» **Problem requirements**: In the records below, find the line with "Los Angeles: Luxury", then copy each line exactly until you have copied the line with "Re 482 024-7". Leave any picture out.
### Material for the task
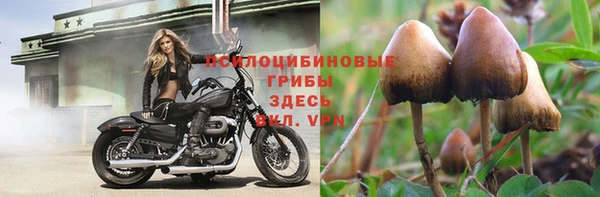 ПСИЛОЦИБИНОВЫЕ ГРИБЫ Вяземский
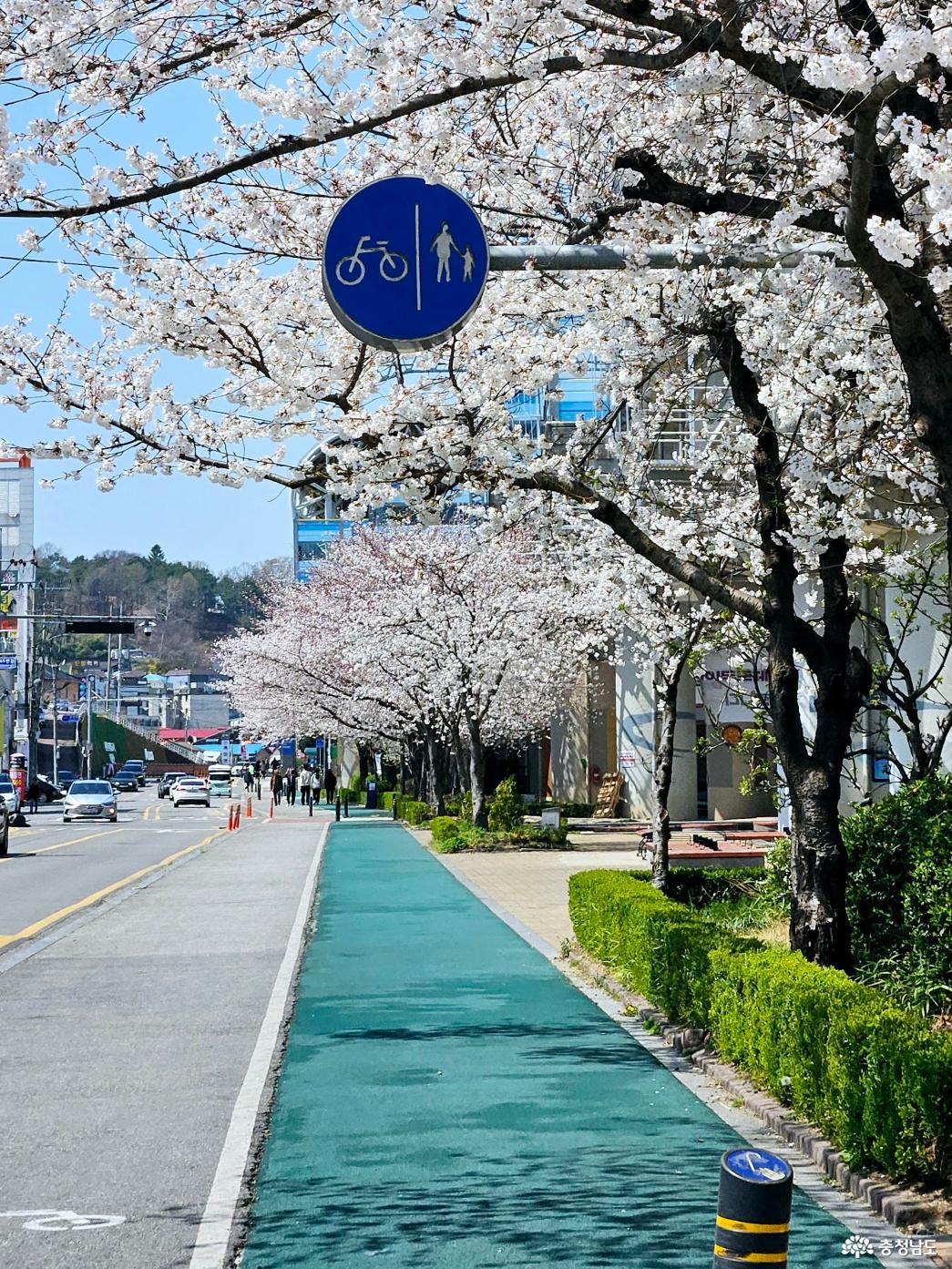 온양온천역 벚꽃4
######
### Material for the task
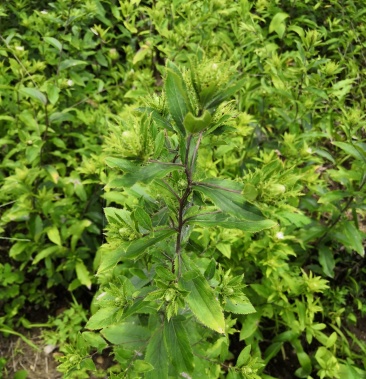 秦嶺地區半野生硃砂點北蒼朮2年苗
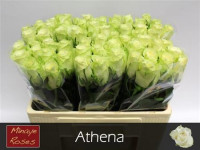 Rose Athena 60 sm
######
### Material for the task
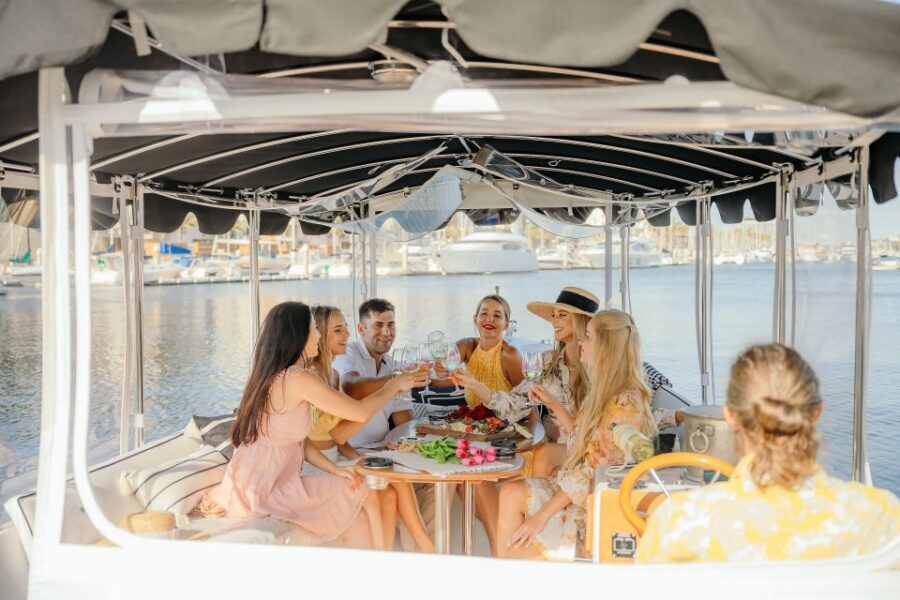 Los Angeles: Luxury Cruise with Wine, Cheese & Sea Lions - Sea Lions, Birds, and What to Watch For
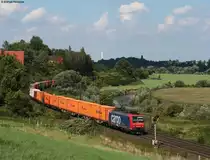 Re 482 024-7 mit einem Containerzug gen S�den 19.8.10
######
» **Response to the task**:
 Los Angeles: Luxury Cruise with Wine, Cheese & Sea Lions - Sea Lions, Birds, and What to Watch For
 Re 482 024-7 mit einem Containerzug gen S�den 19.8.10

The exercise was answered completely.